Recently, for advantages of anti-explosion, zero-emission, and pollution-free, sustainable energy vehicles suitable for friendly environments have been widely adopted as a late model green transport. Main part of sustainable energy vehicles is air-powered engine, and the pneumatic-hydraulic transmission is broadly applied as the main heart of the driving system for great advantages of simple structure, recyclability, low cost, high storage density of energy and long lifespan [1,2,3]. Though the advantages are obvious, it also owns disadvantages such as low efficiency by insufficient of the energy utilization, which aggravates the waste of energy, especially under the recent environment of energy shortage and developing green movements [4, 5].

The recent studies on the pneumatic and hydraulic transmission still mainly focus on method of optimizing the structure and performance [6]. Shen et al. [7] designed and implemented a type of air pump driven by input gas used in air-powered motorcycle, and its main process of the pressurizing is piston reciprocating motion. What is more, Takeuchi et al. [8] implemented the application of expansion energy of compressed air by designing a kind of expansion-type pump.

About the dynamic characteristics of the hydraulic model, a serial of works has been published in recent years. Many kinds of analysis about hydraulic and pneumatic model have been put forward. Ren et al. and Wang et al. studied the control method of a pneumatic servo system by using mathematic modelling and experimental research [9, 10]. Yan et al. and Taleb et al. studied the pneumatic bi-cylinder transmission system without the pressurizing function by modelling and parameter analysis [11, 12]. Cai et al. has improved the model based on a new-type of pneumatic-hydraulic transmission and analyzed the dynamic characteristics [13]. However, the traditional pneumatic-hydraulic transmission is energy dissipation because the air expansion energy existing in the compressed air is wasted. From then on, very little study on any type of sustainable vehicle driven by pneumatic-hydraulic transmission has been reported [14, 15], especially that using air expansion energy.

For promoting working efficiency by using the expansion energy of the compressed air, we proposed a new type of expansion energy used air-powered vehicle using pneumatic-hydraulic transmission. However, the application of air expansion energy used vehicle is still hard to achieve due to the lack of research on output dynamic characteristics, which caused trouble for the performance improvement of air-powered vehicles [16].

In this article, an air-powered vehicle using expansion energy of compressed air has been proposed.
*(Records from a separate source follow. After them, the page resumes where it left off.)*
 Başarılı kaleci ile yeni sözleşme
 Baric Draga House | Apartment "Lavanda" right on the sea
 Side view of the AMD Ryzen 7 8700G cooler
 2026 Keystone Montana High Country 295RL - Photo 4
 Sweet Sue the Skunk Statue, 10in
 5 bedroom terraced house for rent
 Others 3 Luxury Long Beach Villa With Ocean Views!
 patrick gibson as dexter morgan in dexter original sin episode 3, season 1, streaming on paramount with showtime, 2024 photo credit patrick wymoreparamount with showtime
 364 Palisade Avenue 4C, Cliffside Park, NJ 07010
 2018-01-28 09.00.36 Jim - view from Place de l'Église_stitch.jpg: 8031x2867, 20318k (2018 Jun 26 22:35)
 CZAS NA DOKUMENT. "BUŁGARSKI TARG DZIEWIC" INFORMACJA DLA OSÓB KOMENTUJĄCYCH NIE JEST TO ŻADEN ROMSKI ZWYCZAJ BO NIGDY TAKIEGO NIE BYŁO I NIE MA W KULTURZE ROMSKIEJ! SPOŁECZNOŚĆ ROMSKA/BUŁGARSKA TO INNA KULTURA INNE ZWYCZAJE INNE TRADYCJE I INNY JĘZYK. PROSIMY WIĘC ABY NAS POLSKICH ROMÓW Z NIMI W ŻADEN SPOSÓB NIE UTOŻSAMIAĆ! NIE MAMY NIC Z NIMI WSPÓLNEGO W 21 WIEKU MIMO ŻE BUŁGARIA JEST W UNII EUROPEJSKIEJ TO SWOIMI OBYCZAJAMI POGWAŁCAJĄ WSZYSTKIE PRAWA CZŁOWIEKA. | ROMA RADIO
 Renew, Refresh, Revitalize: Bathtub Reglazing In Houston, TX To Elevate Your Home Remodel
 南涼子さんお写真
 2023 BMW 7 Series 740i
In order to set a foundation on the dynamic performance optimization of the air-powered vehicle, firstly, a late model air-powered vehicle with pneumatic-hydraulic transmission was modeled and experimentally verified. Secondly, output dynamic characteristics of the new kind of air-powered vehicle, including the output torque and revolving speed, were studied through simulation. What’s more, output dynamic characteristics were studied by analyzing affection of several key structure parameters for inspecting the best performance of the air-powered vehicle with pneumatic-hydraulic transmission.

2 Mathematical Modeling of the Air-Powered Vehicle

Structure of the built air-powered vehicle with pneumatic-hydraulic transmission is shown in Figure 1. As we can see, the main part of the expansion energy used air-powered vehicle contains the pneumatic-hydraulic transmission and the Motor part, including one pneumatic cylinder and two symmetric hydraulic cylinders. The magnetic switching valve controls the input way of the air source. The pneumatic piston is directly driven by the input air. Through transmission of air pressure, hydraulic pistons move towards the same direction of pneumatic piston, then the hydraulic oil drives the hydraulic motor to work.

In the air-powered vehicle, the structure of magnetic rings of piston and magnetic inductors ensures the continuously working of the motor, what is more, the advantage of expansion energy of compressed air. As shown from Figure 2, the whole processes of one of the hydraulic pistons mainly contain four processes. At first, when the air was put into the pneumatic chamber, the hydraulic piston moves forward considered the first process. When the piston gets to the place of magnetic inductor A, the source of air is stopped inputting by the controller, which can be considered as the second process. At this process, the vehicle is completely driven by the expansion energy of the compressed air in the pneumatic chamber. When the piston gets to the place of magnetic inductor B, it works in reverse due to the change of the magnetic switching valve. The third and fourth processes are the same as the symmetrical hydraulic piston works in the same way. The time of third and fourth working processes of the pistons are completely using expansion energy, and the energy can be saved to some extent.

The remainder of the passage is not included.